Clones? Lesbian scientists? Suburban couples dancing in their underwear on top of piles of money? All of this and Tatiana Maslaney’s master portrayals of a multitude of different characters should be enough to draw you in, but if you need extra persuasion, Orphan Black also asks hard questions about body autonomy, reproductive rights, human cloning, and medically-enhanced body modifications without ever feeling dull. It’s a smart, funny sci fi drama that leaves you wondering only one thing: Is there anything women can’t do?

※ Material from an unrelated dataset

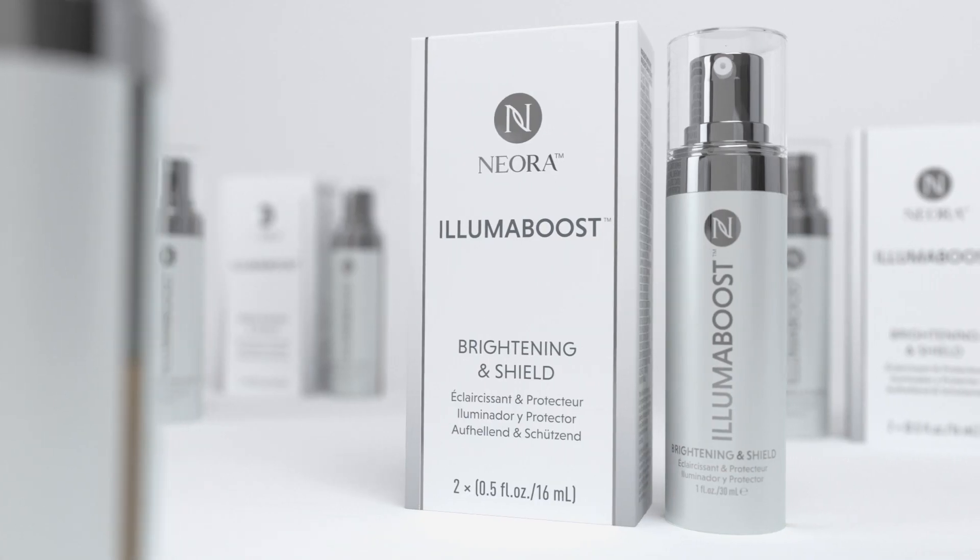Due to its light and sheer texture, it's perfect for use with Illuma Boost brightening and shield, makeup, or sunscreen. Just allow Age IQ Day Cream to soak in before applying any cosmetics.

Quantico first made the news for being the first American show to feature a South Asian female lead, but its decision to choose a diverse cast and discuss controversial political topics has been a mainstay through its run. Priyanka Chopra stars as a rookie FBI agent who dismantles terrorist plots and takes down corrupt white male politicians, but she doesn’t work alone – her fellow officers include more POC than they do white people, and it’s a casting move that feels genuine rather than like it’s fulfilling a diversity quota. Season two aired immediately after Trump’s inauguration, and the showrunners did not hold back on any political topics as the season’s themes revolved around a Muslim ban, a women president, and shady white male politicians.

Chewing Gum

Michaela Cole writes, directs, and stars in this E4 comedy as a 24-year-old religiously restricted, sexually naive shop assistant trying to find love. Partially based on her own life experience, Cole’s creation is as hilarious and cringey as it is sympathetic, and you can’t help but cheer her on in her romantic ventures even as you look away from the awkwardness onscreen.


It should come as a surprise to no one that this comedy-drama created by and starring Donald Glover is brilliant and hilarious. Atlanta loosely follows Ernie (Glover) and his cousin as they attempt to break into the Atlanta rap scene to improve their lives for the sake of their families. The 10 episodes loosely tell their story, though a few episodes diverge from the main plotline to tackle issues of racism head-on in a way that’s as funny as it is thought-provoking.

How to Get Away With Murder

Of course, this list wouldn’t be complete without Shonda Rhimes’ much loved How to Get Away With Murder. Featuring the always marvelous Viola Davis as Annalise Keating, a lawyer with a complicated handle on life, the show isn’t afraid to cover dark territory including abuse, adultery, and of course, murder. The show has gotten some pushback for refusing to acknowledge Keating’s bisexuality despite showing her relationships onscreen and covering other spectrums of sexual relationships within the plot, but there’s hope that continuing to include these moments in the show will lead to greater representation in the future.